Evangelienkommentar von Kardinal Schönborn
zum 5. Sonntag der Osterzeit, 18.5.2003
(Joh 15,1-8)
Für die Menschen meiner Weinviertler Wahlheimat Retz ist das heutige Evangelium leicht verständlich und ganz anschaulich. Wer kennt da nicht die Arbeit des Weingärtners, der viele Triebe stutzen oder wegschneiden muss, damit der Weinstock gut Frucht trägt. Wer kennt da nicht das Bild der abgeschnittenen Rebzweige, die gesammelt und verbrannt werden. Früher hat man sie gebündelt und kleingeschnitten, um sie zum Anheizen des Herdes oder des Ofens zu verwenden. Jeder weiß: sobald der Rebzweig abgeschnitten ist, verdorrt er. Anschaulicher kann es Jesus nicht sagen: Getrennt von mir, dem wahren Weinstock, könnt ihr so wenig etwas hervorbringen wie ein verrottender Rebzweig im Weingarten. Daher die Kernaussage: „Bleibt in mir und ich bleibe in euch!“
Ich denke, Jesus hat das so gemeint wie er es sagt: Wenn der Lebenssaft des Weinstocks nicht in die Rebzweige kommt, dann wächst da keinerlei Frucht. Wenn wir nicht wirklich und lebendig mit Gott, mit Jesus seinem Sohn, in Verbindung sind, dann sind wir tot wie die herumliegenden Rebzweige.

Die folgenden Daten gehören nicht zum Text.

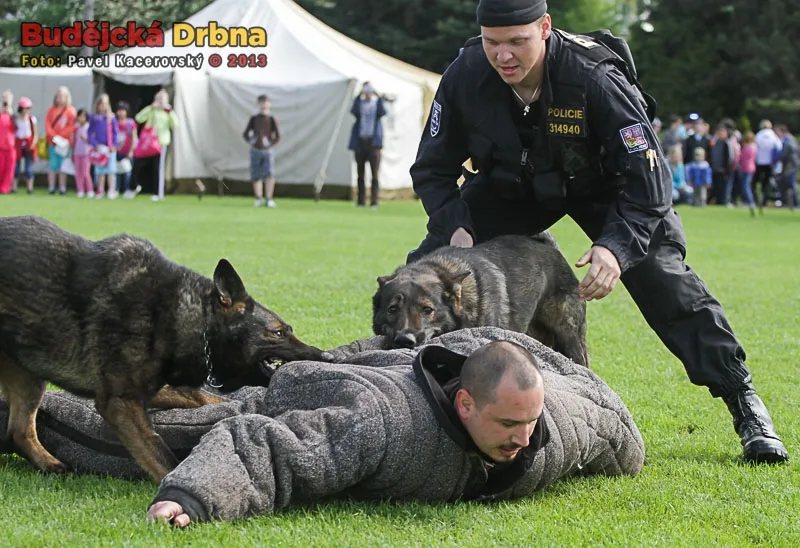 Zásah policejních psů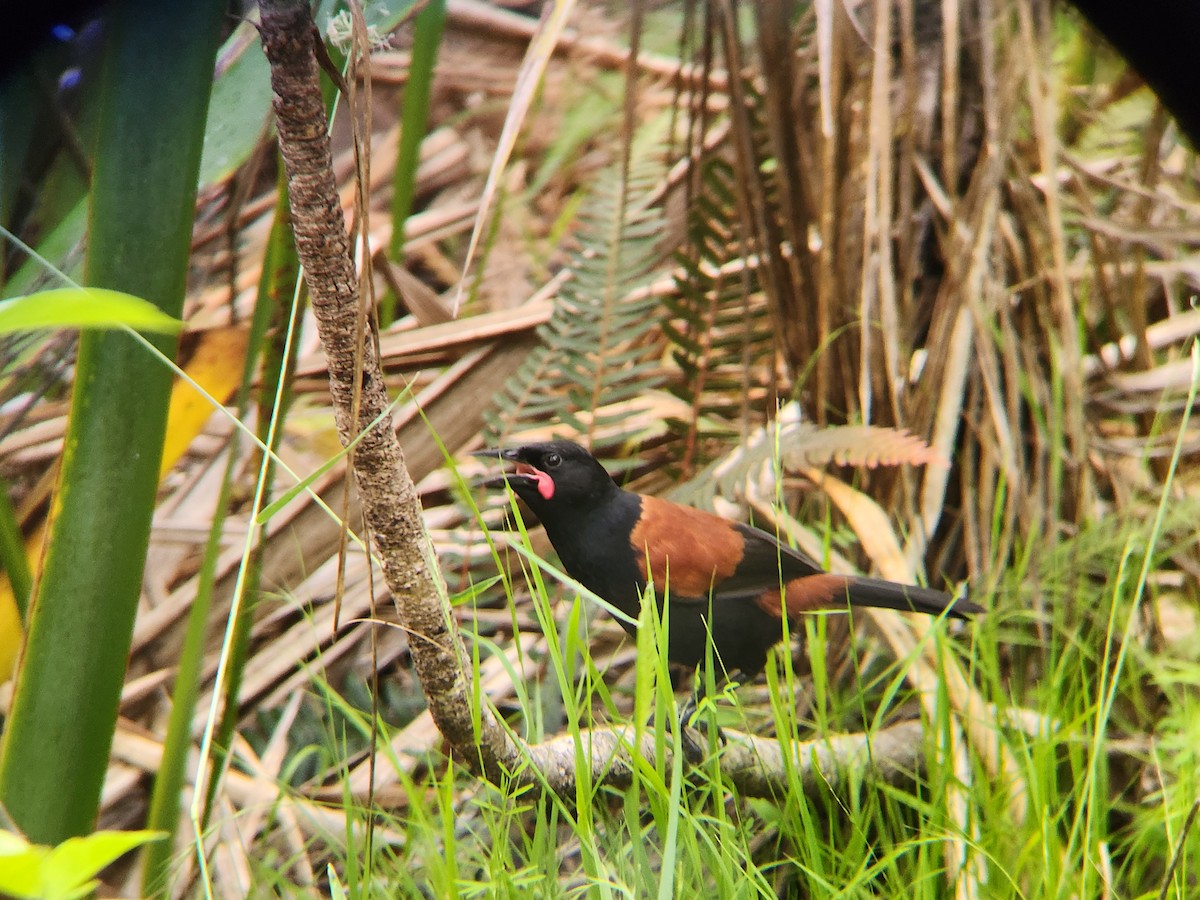 North Island Saddleback - ML646862827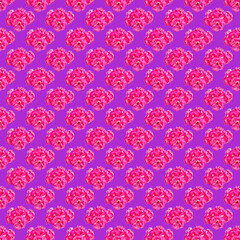 Background pattern of geranium flowers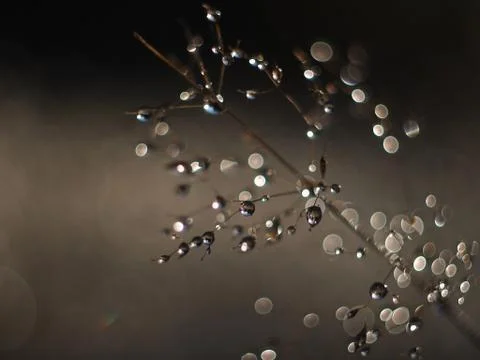 Drops of water Stock Photos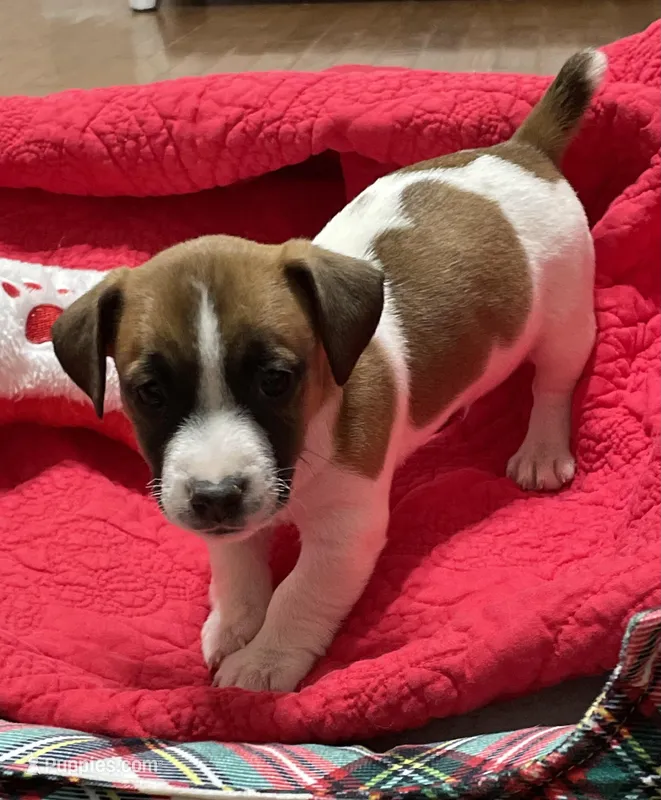 Dancer, a male Jack Russell Terrier for sale in Athens, GA – Photo 1 of 2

Ohne Gott sind wir tot. Denn Gott ist das Leben unseres Lebens. Und da er der Gott des Lebens ist, will er nicht unseren Tod, sondern dass wir leben. Und wieder hilft das Bild des Weinbaus, um zu sehen, wie Gott uns lebendig macht.
Wer sieht, wie der Winzer im Winter den Weinstock beschneidet, alle Zweige radikal zurückstutzt, der mag, wenn es ihm an Erfahrung fehlt, den Eindruck haben, aus dem Stumpf des Weinstocks könne nie mehr etwas werden. Das Gegenteil ist der Fall. Nur so kann er im Frühjahr wieder kräftig austreiben.
In der Bibel ist der Weingarten oft ein Bild für das Volk Gottes. Manchmal scheint es derart zusammengestutzt, dass viele es bereits für tot erklären Doch dann treibt es wieder kräftig aus, frisch und lebendig. So zeigt es sich in der Geschichte bis heute. Oft tot gesagt, erlebt die Kirche immer wieder einen neuen Frühling.
Der Winzer reinigt aber auch. Das ist die Arbeit im Frühjahr und im Sommer. Die Rebzweige dürfen nicht zu sehr austreiben, sonst wächst die Frucht nicht ordentlich. Gott ist der Winzer unseres Lebens. Manche Einschnitte tun weh, Prüfungen aller Art, die Gott zulässt, um uns zu reinigen. Die Erfahrung lehrt uns, dass wir nur wachsen und lebendig bleiben, wenn Gott als der gute Winzer an uns arbeitet. Er weiß, was an uns unfruchtbare Triebe sind und was weg muss. Er kennt uns genau und will uns vor falschen Anhänglichkeiten und Selbsttäuschungen befreien.
Jesus ist der wahre Weinstock, in dem der Lebenssaft Gottes fließt. Ohne ihn geht gar nichts, so sagt er unmissverständlich klar. Wir mögen zwar viel tun und uns sehr aktiv gebärden, aber ohne Christus wird nichts daraus: „Bleibt in mir!“
In Christus bleibt nicht wer viele Worte macht, sondern wer den Nächsten liebt. Das ist die Frucht, die Gott von uns erwartet, die einzig wirklich gute Frucht. Denn ohne die Liebe sind wir tote Rebzweige.
In jener Zeit sprach Jesus zu seinen Jüngern:
Ich bin der wahre Weinstock und mein Vater ist der Winzer. Jede Rebe an mir, die keine Frucht bringt, schneidet er ab und jede Rebe, die Frucht bringt, reinigt er, damit sie mehr Frucht bringt.
Ihr seid schon rein durch das Wort, das ich zu euch gesagt habe. Bleibt in mir, dann bleibe ich in euch.
Wie die Rebe aus sich keine Frucht bringen kann, sondern nur, wenn sie am Weinstock bleibt, so könnt auch ihr keine Frucht bringen, wenn ihr nicht in mir bleibt. Ich bin der Weinstock, ihr seid die Reben. Wer in mir bleibt und in wem ich bleibe, der bringt reiche Frucht; denn getrennt von mir könnt ihr nichts vollbringen.
Wer nicht in mir bleibt, wird wie die Rebe weggeworfen und er verdorrt. Man sammelt die Reben, wirft sie ins Feuer und sie verbrennen. Wenn ihr in mir bleibt und wenn meine Worte in euch bleiben, dann bittet um alles, was ihr wollt: Ihr werdet es erhalten. Mein Vater wird dadurch verherrlicht, dass ihr reiche Frucht bringt und meine Jünger werdet.